Seu Zé era o dono de todas as ladeiras do mundo. Pois então que eu senti como era ser um procurador de sonho, buscador do nada, sentidor do tudo. Está tão escuro, escuridão entranhada. Essa escuridão é diversa de todas as outras. Escuridão alumiada, uma estrelinha sonsa e molenga. Pois meus olhos acabaram de nascer e ainda não sabem ver direito, mas de todo sabem como sentir. Olhos que sentem e não enxergam.
1995 - Ver
Eu não sei falar bonito, nem entendo de nada... Por isso vou deixando livre, vocês que me lerem, vão ficando confusos não, é do Guimarães Rosa que queria saber dizer, mais de Miguilim, nos Campos Gerais...

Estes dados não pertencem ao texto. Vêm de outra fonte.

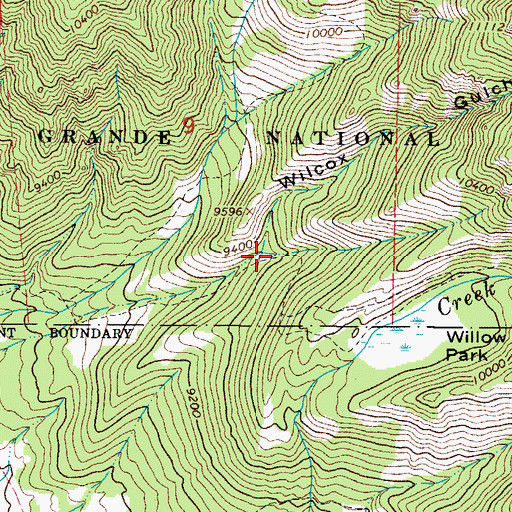 Topographic Map of Wilcox Gulch, CO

Falar do Rosa...Tudo que é pretensão minha se ajuntou aqui. A única forma de lidar com o medo é escrevendo de verdade, assim. Foi que me falaram que Seu Guimarães escrevia como em transe, de uma vez, tinha era que reler tudo, pois já já esquecia da estória. Acho que só assim que dá para entender esse homem, era grande. Porque fala de vida, de sonho, de morte, de sorte, de gente, de bicho, de mato, de música, de feiura...E de tudo fala de verdade, “importante de repente, como uma estória”. Foi que entendi num instante, assim como Miguilim, que “entendeu tudo tão depressa, que custou para entender”, sua mãe gostava era do tio. Mas de castigo, “de pelourim”, sabia que não devia de aceitar a licença do tio, fosse melhor continuar brincando de pensar. Foi que Miguilim nunca entendeu porque seu pai deu sua cachorra cega, Cuca Pingo-de-Ouro, com seu filhotinhozinho para uns tropeiros, ela já tava era cega. Por quê? E Miguilim gostava mais, mesmo, antes de tudo, do irmão Dito.

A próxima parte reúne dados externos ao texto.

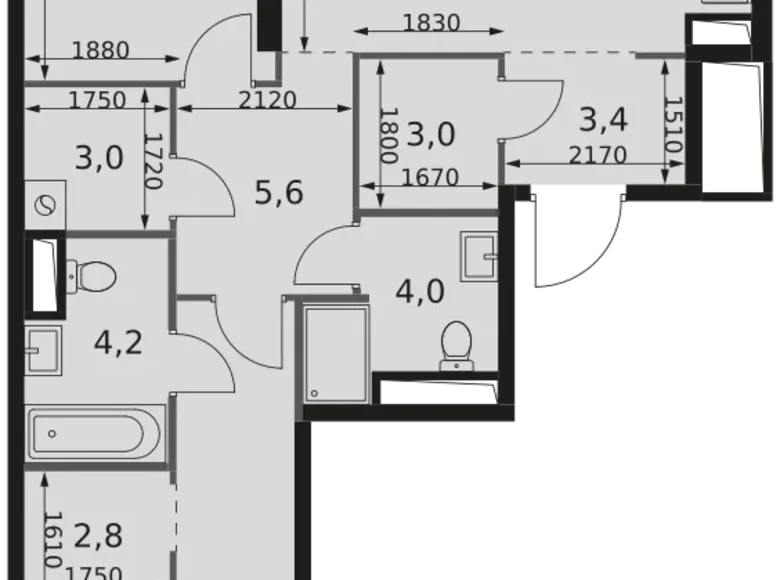 2 room apartment 82 m² Moscow, Russia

“Um certo Miguilim...” “Miguilim bobo...” Uma família, “mãe, o Dito, as Meninas, Tomezinho, o Pai, Vovó Izidra, até os cachorros também, o gato Sossõe, Rosa, Mãitina, vaqueiro Salúz, o vaqueiro Jé, Maria Pretinha...”. O Dito “era menor mas sabia o sério”. Drelina era linda, como uma santa. Tomezinho, o menorzinho, sonhava com o esquecido. Miguilim bobo. Chica sabia as brincadeiras todas, “mariolinha”, “tão engraçadinha”... Ah, Seu Guimarães, queria saber falar do senhor...No meio de tantas veredas, no Mutum, nos Campos Gerais. Toda violência de uma vida, de uma gente, de uma miséria igualzinha de toda gente, no meio de um sertão, num buraco de terra. Mas o nome da estória é Campo Geral, parece mais que está tudo aberto, vastidão. Um Campo Geral no Mutum. E está tudo lá mesmo. Tudo de pertim na imensidão...que nem o Grande Sertão: Veredas, tudo oposto, tudo grudado, tudo em tudo.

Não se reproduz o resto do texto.